En action depuis avril 2007, l’ARMT s'est réunie 23 fois en séance plénière, a auditionné 12 personnes dans le cadre de sa mission d'observation des mesures techniques, et participé à 12 colloques, tables rondes ou séminaires. Mais elle n'a pas rendu une seule décision, sauf les nominations de son Président et de son Secrétaire Général[20]. Faute de saisine, personne ne lui a demandé de trancher un problème d'interopérabilité ou d'abus de MTP pour lesquels la loi lui donnait compétence. Sa faible intervention s’explique par plusieurs raisons.

L’abandon progressif des mesures techniques de protection

La problématique des mesures techniques de protection qui avait occupé une place centrale dans les débats de la loi DAVDSI a perdu une part de son acuité depuis que, dans le secteur de la musique, on constate un abandon progressif des mesures techniques de protection.

Depuis 2007, on assiste à une montée en puissance de l’hostilité envers les mesures techniques de protection.

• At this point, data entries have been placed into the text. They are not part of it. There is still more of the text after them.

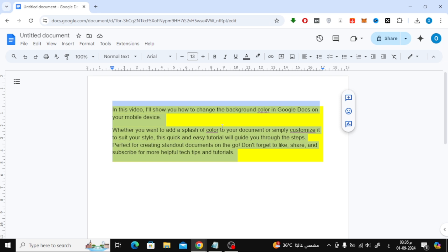Now, if you want to change the background color of this text, here's what you need to do. Begin by selecting the text you want to change the background color for. Next, go to the top menu and click on Format.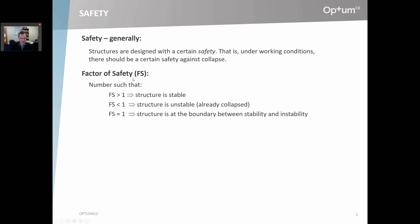The factor of safety is a number — completely general — such that if the factor of safety is greater than one, then the structure is stable. If the factor of safety is less than one, then the structure is unstable; that is to say, it's already collapsed. And if the factor of safety is identically equal to one, then the structure is right at the boundary between stability and instability. That is just a very general definition of what the factor of safety usually means.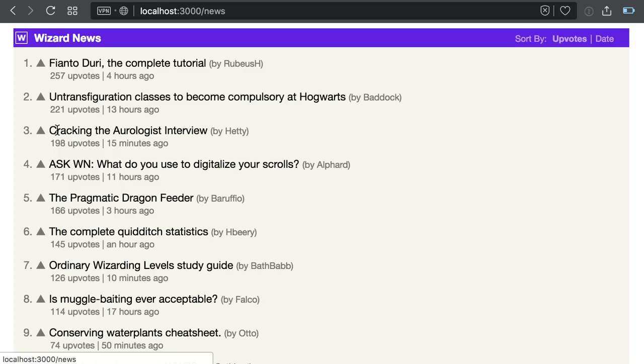And we're done! We created a server-rendered React application with routing and data fetching. Using Redux would be very similar. Just remember that on the server, every new request can come from a different client, so everything should be stateless.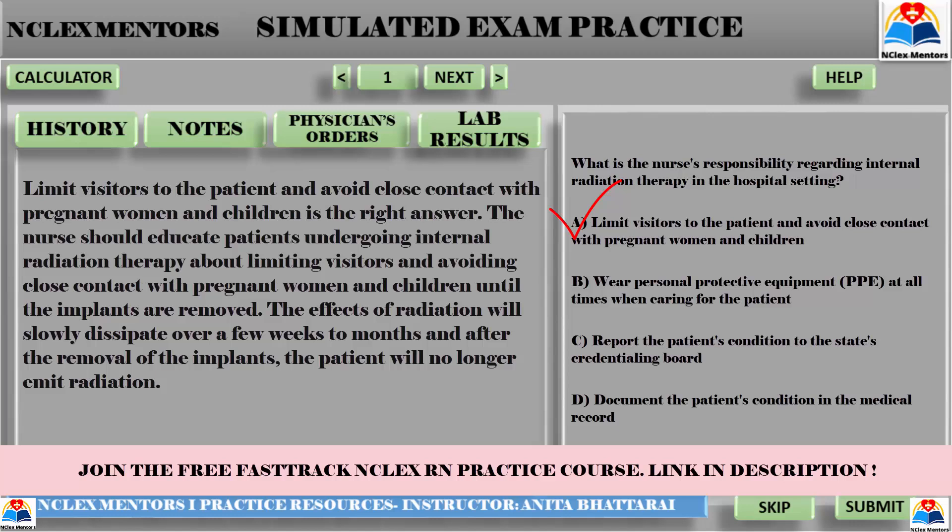Option D — documenting the patient's condition in the medical record — is wrong because copies of the incident report are never included in the medical record. However, the nurse should still document the simple facts of an incident in the patient's chart.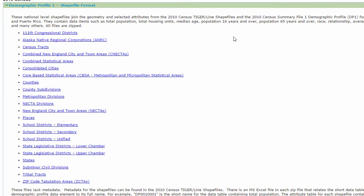So they contain items such as total population, total housing units, median age, population 16 years or over, population 65 years or over, race, relationships. Wow. So all of this stuff, that's not everything in the census by any stretch of the imagination. But this is a lot of stuff they already have attached for you and it'll be ready to go. And then you pick what type of geography you would be interested in.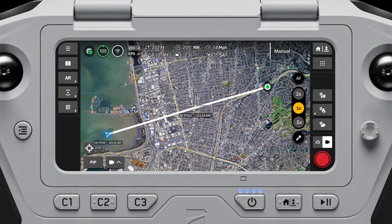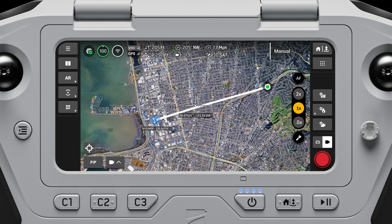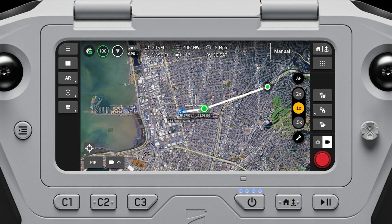Fly Here Now allows you to select a specific point on a map and fly to that point. You can add transit points during a Fly Here Now mission. Once you have selected your Fly Here Now location, press and drag on the map to add a transit point.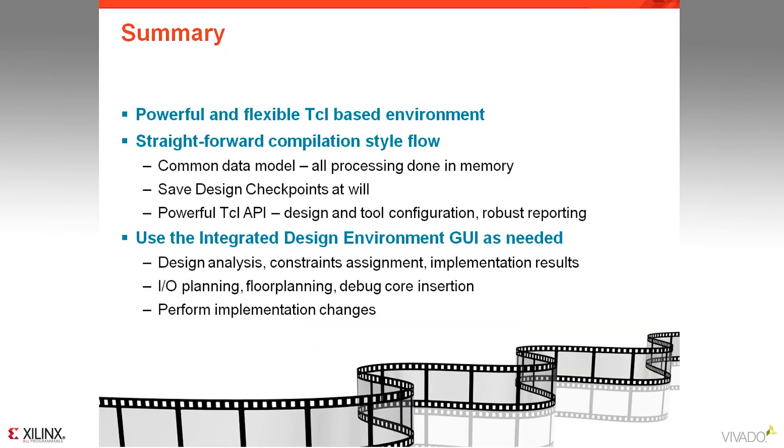So as you can see, the non-project batch flow has a lot of capabilities to compile the design, but also to analyze and report on the design at each stage of the design process. This provides designers with a lot of flexibility. They can quickly run the commands in batch mode, but then use the interactive environment if needed to analyze issues or correct problems in the design.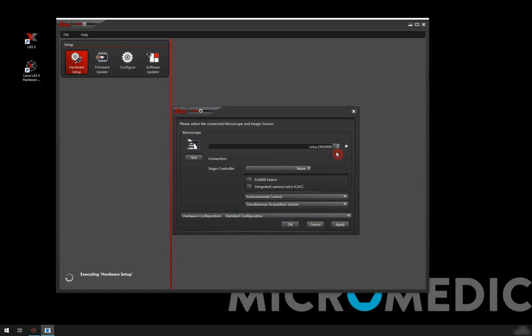At this point we could be done, but the only thing to consider is if we have, for example, an integrated camera.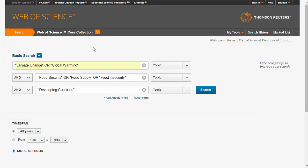We can improve this search by using synonyms for our keywords. Let's try expanding our search using synonyms and the Boolean operator OR: climate change or global warming, and food security or food supply or food insecurity, and developing countries.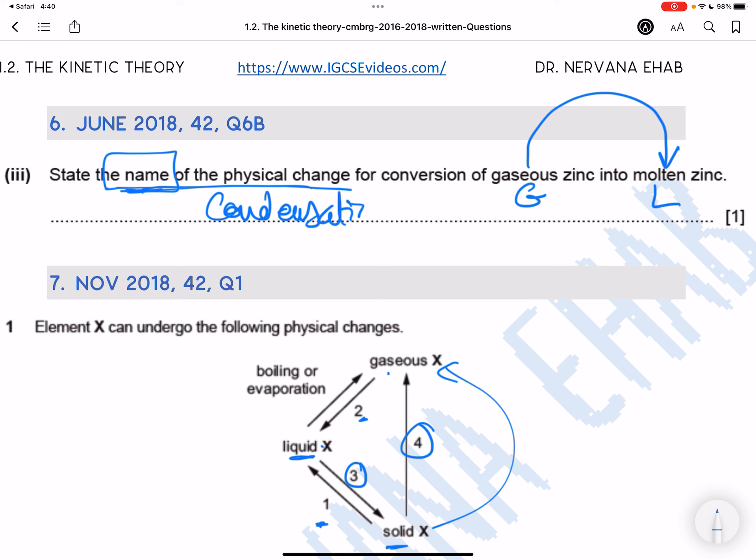Now, if you write 'gas to liquid,' that is not the name of the change. You have to say condensation.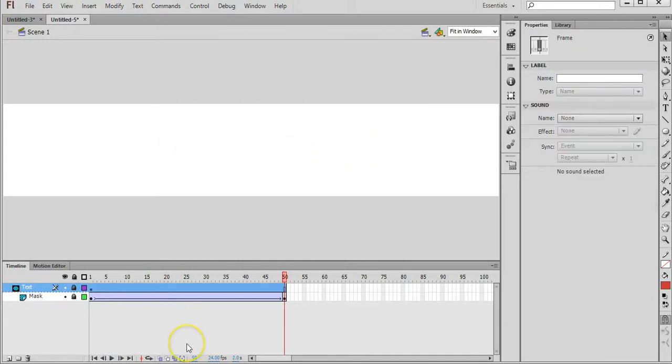And that's how you create a text mask effect in Adobe Flash CS6. Thanks for watching.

Dans une lettre ouverte publiée le 6 février 2007, Steve Jobs lui même remet en cause le choix des mesures techniques de protection. Il estime qu’elles freinent la croissance des ventes de musique en ligne et appelle les majors à fournir leur catalogue sans DRM (digital rights management): “Imaginez un monde où chaque kiosque en ligne vendrait de la musique sans DRM. (...) N’importe quel lecteur pourrait lire de la musique achetée sur n’importe quel kiosque. Ce serait à l’évidence la meilleure solution pour le consommateur. Et Apple l’adopterait.” Steve Jobs estime que les DRM n’ont pas fait leurs preuves pour stopper le piratage, et ne les feront peut être jamais[21].

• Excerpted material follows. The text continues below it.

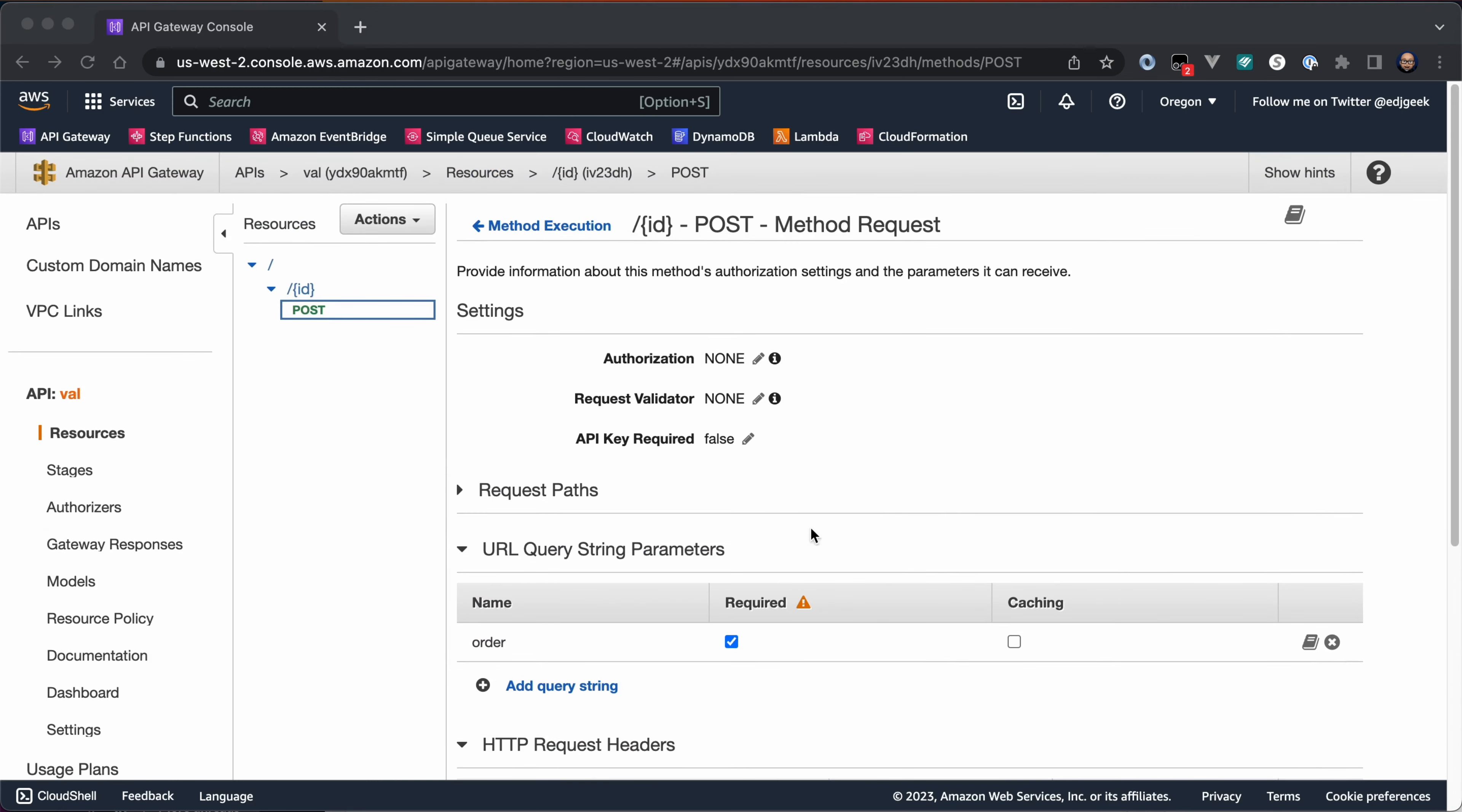With all the required parameters configured, the next step is to enable validation. At the top, select the pencil icon next to the Request Validator option, choose the desired level of validation and click the checkmark to confirm.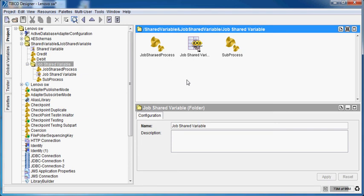Hello friends, today I will explain how to use job shared variable. There are two functionalities of job shared variable. First, it creates a fresh copy for every job instance. Second, we can use it in a sub process and we don't have to define any input and output schema for providing input value to a sub process or getting a return value from sub process to main process.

Certains éditeurs et producteurs ont tiré une leçon de ces différentes sonnettes d’alarme et ont alors accepté une diffusion de leurs catalogues sans MTP. Aux États-Unis, les plates-formes de téléchargement légal proposant des morceaux sans DRM se sont multipliées. EMI, quatrième maison de disque en termes de parts de marché mondial, fut la première à abandonner les DRM en avril 2007, avant que Universal Music Group, ne lui emboîte le pas en août 2007. En novembre 2008, la troisième major Warner Music Group a annoncé qu'elle allait proposer via le magasin en ligne Amazon.com des titres au format MP3, donc sans DRM. Le 29 décembre 2008, Sony BMG Music Entertainment a annoncé qu'il allait cesser de protéger par dispositif anti-copie ses titres vendus au format numérique. La deuxième plus grande maison de disque mondiale, devient ainsi la dernière des quatre majors du disque à abandonner les dispositifs DRM pour les supports dématérialisé.

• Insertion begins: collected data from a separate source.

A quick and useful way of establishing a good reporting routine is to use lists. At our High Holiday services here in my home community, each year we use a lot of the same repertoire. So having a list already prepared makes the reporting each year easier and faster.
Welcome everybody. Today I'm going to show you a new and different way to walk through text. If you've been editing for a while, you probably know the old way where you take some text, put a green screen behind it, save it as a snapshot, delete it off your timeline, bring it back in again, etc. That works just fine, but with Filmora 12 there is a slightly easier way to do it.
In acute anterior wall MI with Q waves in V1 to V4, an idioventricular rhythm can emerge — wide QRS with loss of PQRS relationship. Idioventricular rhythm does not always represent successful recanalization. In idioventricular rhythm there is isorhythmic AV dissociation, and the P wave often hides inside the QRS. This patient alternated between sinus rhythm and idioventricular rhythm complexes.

En France, depuis janvier 2007, Fnacmusic.com et VirginMega.fr proposent un catalogue d’environ 200 000 titres non protégés au format MP3. Le 28 octobre 2008, les ayants droit ont accéléré le processus de levé des DRM sur le catalogue des titres français en annonçant la fin des DRM exactement un jour avant l’examen du texte sur la riposte graduée par le Sénat. Par ailleurs, depuis le 7 novembre 2008, Universal a retiré toutes les mesures techniques de protection bloquantes de ses titres. “Universal a décidé de prendre les devants. Nous allons mener plusieurs expérimentations d’ici à la fin de l’année pour tester l’impact d’une telle mesure et voir si l’absence de verrous fait grimper le nombre de téléchargements », a expliqué Pascal Nègre, président d’Universal Music France. « Si le consommateur, sensibilisé par la loi, arrête de pirater, nous n’aurons plus besoin de protéger nos oeuvres. Le choix ne se fera plus entre le payant et le gratuit mais entre le payant et le risqué.” Dans le même temps, SFR lance en partenariat avec Universal Music sa première offre de téléchargement illimité sans DRM sur mobile.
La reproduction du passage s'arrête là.